Short descriptive text snippets
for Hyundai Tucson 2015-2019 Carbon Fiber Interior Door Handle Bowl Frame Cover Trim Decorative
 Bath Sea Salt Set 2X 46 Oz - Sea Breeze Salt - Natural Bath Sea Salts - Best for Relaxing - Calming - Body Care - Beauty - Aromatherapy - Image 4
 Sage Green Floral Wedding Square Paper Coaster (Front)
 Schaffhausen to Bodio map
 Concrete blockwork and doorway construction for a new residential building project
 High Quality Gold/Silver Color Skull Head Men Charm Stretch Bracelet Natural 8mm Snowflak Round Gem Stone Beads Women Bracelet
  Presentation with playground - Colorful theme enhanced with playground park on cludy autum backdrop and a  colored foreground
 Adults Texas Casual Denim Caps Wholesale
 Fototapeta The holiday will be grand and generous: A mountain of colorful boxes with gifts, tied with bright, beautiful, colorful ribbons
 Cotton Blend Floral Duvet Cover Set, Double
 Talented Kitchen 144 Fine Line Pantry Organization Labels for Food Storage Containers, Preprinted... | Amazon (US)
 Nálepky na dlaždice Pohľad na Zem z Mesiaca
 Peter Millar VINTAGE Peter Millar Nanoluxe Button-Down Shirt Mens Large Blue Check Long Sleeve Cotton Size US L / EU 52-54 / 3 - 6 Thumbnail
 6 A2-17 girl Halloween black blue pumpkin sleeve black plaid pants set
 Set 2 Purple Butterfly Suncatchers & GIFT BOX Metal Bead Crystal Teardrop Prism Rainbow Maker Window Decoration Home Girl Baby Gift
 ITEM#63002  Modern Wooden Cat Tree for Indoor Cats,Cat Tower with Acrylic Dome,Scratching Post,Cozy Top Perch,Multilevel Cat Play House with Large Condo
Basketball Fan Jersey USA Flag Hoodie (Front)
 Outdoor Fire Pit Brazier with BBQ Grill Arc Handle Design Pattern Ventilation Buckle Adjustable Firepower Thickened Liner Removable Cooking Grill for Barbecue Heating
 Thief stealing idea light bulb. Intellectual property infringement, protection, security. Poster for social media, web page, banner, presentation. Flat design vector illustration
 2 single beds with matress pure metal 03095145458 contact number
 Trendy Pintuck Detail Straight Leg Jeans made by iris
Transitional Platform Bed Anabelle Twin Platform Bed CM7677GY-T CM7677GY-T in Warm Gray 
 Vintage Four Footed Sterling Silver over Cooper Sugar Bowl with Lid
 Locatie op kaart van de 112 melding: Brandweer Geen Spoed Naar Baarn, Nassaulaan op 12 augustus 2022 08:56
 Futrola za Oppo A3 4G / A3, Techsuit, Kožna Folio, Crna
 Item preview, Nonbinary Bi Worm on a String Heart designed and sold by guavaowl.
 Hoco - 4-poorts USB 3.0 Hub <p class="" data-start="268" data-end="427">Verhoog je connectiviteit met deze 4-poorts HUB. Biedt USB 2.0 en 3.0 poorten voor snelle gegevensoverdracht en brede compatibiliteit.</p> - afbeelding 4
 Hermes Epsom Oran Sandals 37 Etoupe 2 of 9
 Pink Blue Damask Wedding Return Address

▶ [Aim of the exercise]
Wherever a line in the entries above holds "Natural", copy that line.

▶ [Exercise answer]
 Bath Sea Salt Set 2X 46 Oz - Sea Breeze Salt - Natural Bath Sea Salts - Best for Relaxing - Calming - Body Care - Beauty - Aromatherapy - Image 4
 High Quality Gold/Silver Color Skull Head Men Charm Stretch Bracelet Natural 8mm Snowflak Round Gem Stone Beads Women Bracelet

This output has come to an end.